Jesucristo confirió a su Iglesia el mandato y la potestad de predicar el Evangelio por todo el mundo. Los Papas han delegado esa potestad en los reyes de España. Ahora bien el que ordena el fin ordena asimismo los medios para alcanzarlos. Por eso los españoles, si los indios se resisten a esa predicación, deben dominarlos y sujetarlos. Ese sometimiento comporta igualmente el obligarlos a escuchar la predicación; no coaccionarlos a la fe, pues la voluntad no puede sufrir coacción, pero sí a que escuchen la exposición evangélica, para que puedan libremente decidirse a admitir o no la fe anunciada. Incluso se les puede impulsar con premios o castigos, salvando siempre la precisa libertad.

Ya Sepúlveda, por medio de su interlocutor Leopoldo, se pone esta objeción: los misioneros han de predicar “lo mismo que fueron enviados los primeros, que sin armas, sólo con la ayuda de la fe, recorrieron la mayor parte del orbe predicando el Evangelio”.

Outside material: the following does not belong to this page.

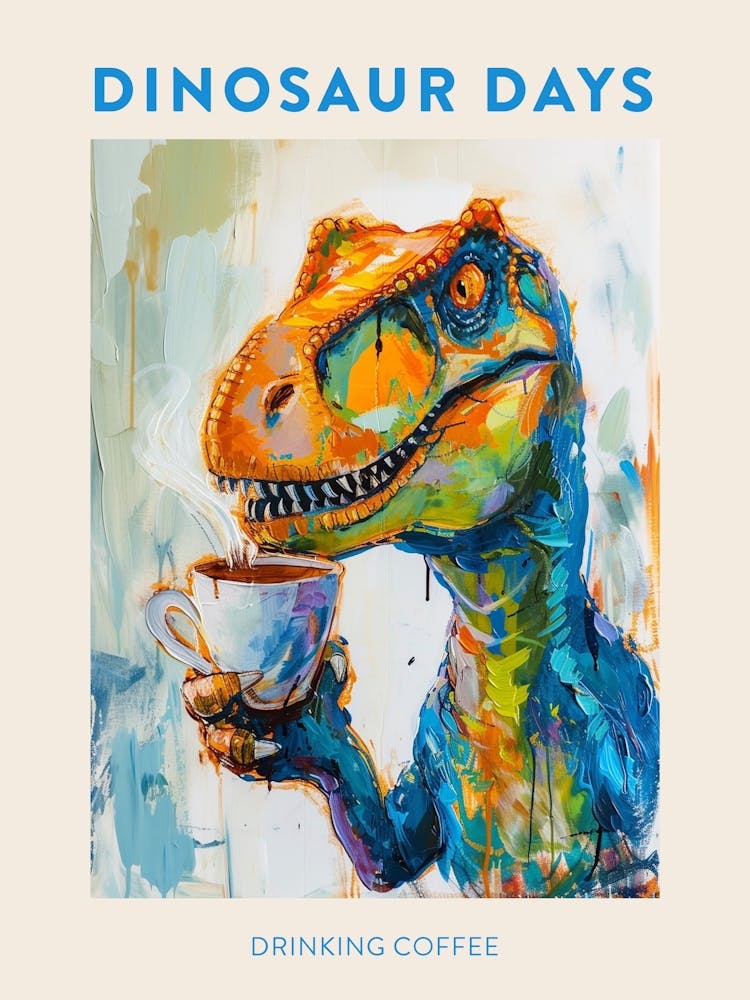 Dinosaur Drinking Coffee Blue Orange Poster 2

A esto da Sepúlveda la siguiente contestación:

“¿Acaso también sin báculo ni alforjas? Da tú a los apóstoles de nuestro tiempo aquella perfección de fe, aquella virtud de milagros y don de lenguas, con que ellos sometían a los enemigos impíos al yugo de la fe y los dominaban, y no faltarán, créeme, predicadores apostólicos, que recorran el mundo enseñando el Evangelio; y tengo la seguridad de que aún éstos mismos, si tales hubiesen existido en nuestro tiempo por un don de Dios, con gusto todos se habrían aprovechado de la ocasión y comodidad de cumplir bien su misión y habrían dado muchas gracias a los príncipes cristianos, porque, con la pacificación de los bárbaros, habían asegurado el camino para la predicación evangélica.

“Pero ahora, como por nuestro mérito o culpa, o porque no hay necesidad, no vemos milagro alguno o rarísimo, conviene apoyarnos en la recta razón y proceder con prudencia, o sea que, si obramos de otro modo, parezca que tentamos a Dios, lo cual es contra la ley divina”[11].

Como la vez anterior, el obispo de Chiapa respondió distinguiendo. Hay seis casos en los  que la Iglesia puede hacer la guerra a los idólatras o infieles:

  1º Si han ocupado violentamente tierras de cristianos.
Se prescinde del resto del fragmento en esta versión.